» ASSIGNMENT
Within the listing below, give again exactly the lines between the one containing "Nikon D3400 - test lustrzanki dla każdego 40" and the one containing "Gayophytum ramosissimum image", inclusive, pictures left aside.

» PROVIDED RECORDS
-=-=-=-=-

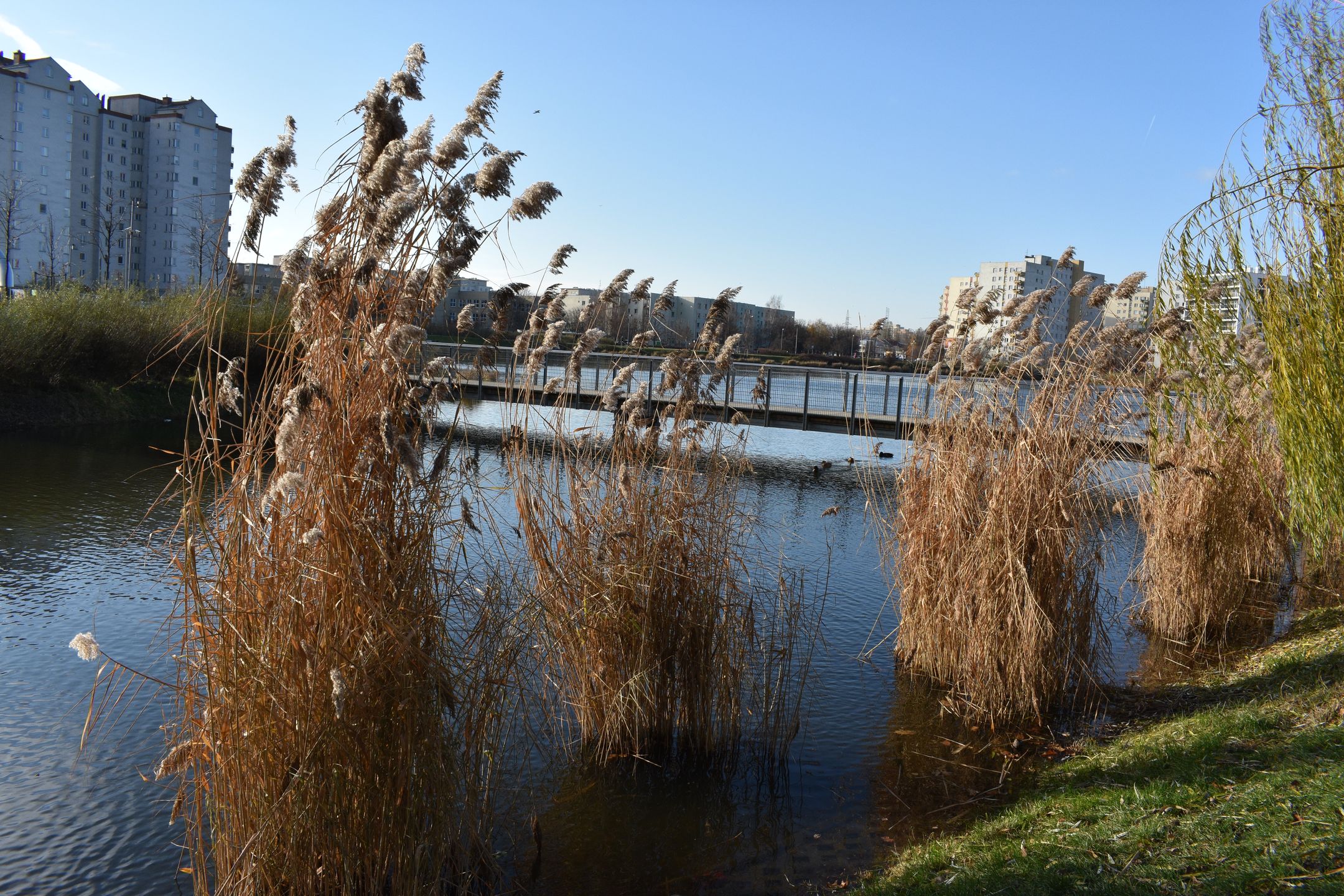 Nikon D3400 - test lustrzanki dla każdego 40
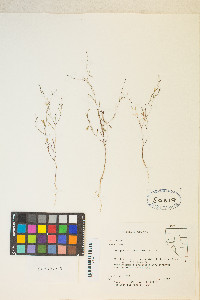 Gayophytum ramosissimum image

-=-=-=-=-

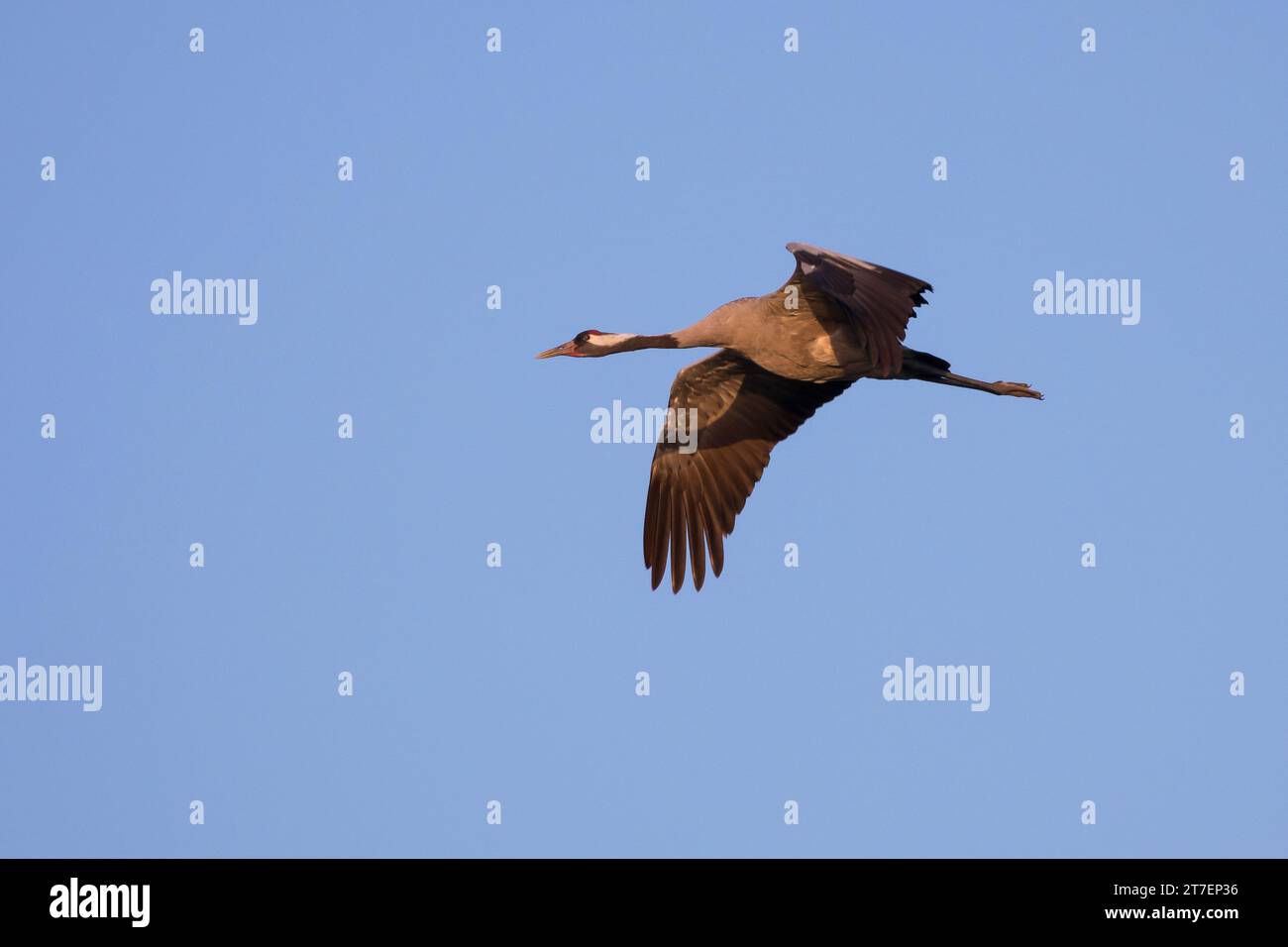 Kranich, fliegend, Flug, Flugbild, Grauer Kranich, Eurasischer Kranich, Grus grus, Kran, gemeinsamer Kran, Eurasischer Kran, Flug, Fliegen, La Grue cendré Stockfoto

-=-=-=-=-

» ANSWER FOR THIS EXERCISE
 Nikon D3400 - test lustrzanki dla każdego 40
 Gayophytum ramosissimum image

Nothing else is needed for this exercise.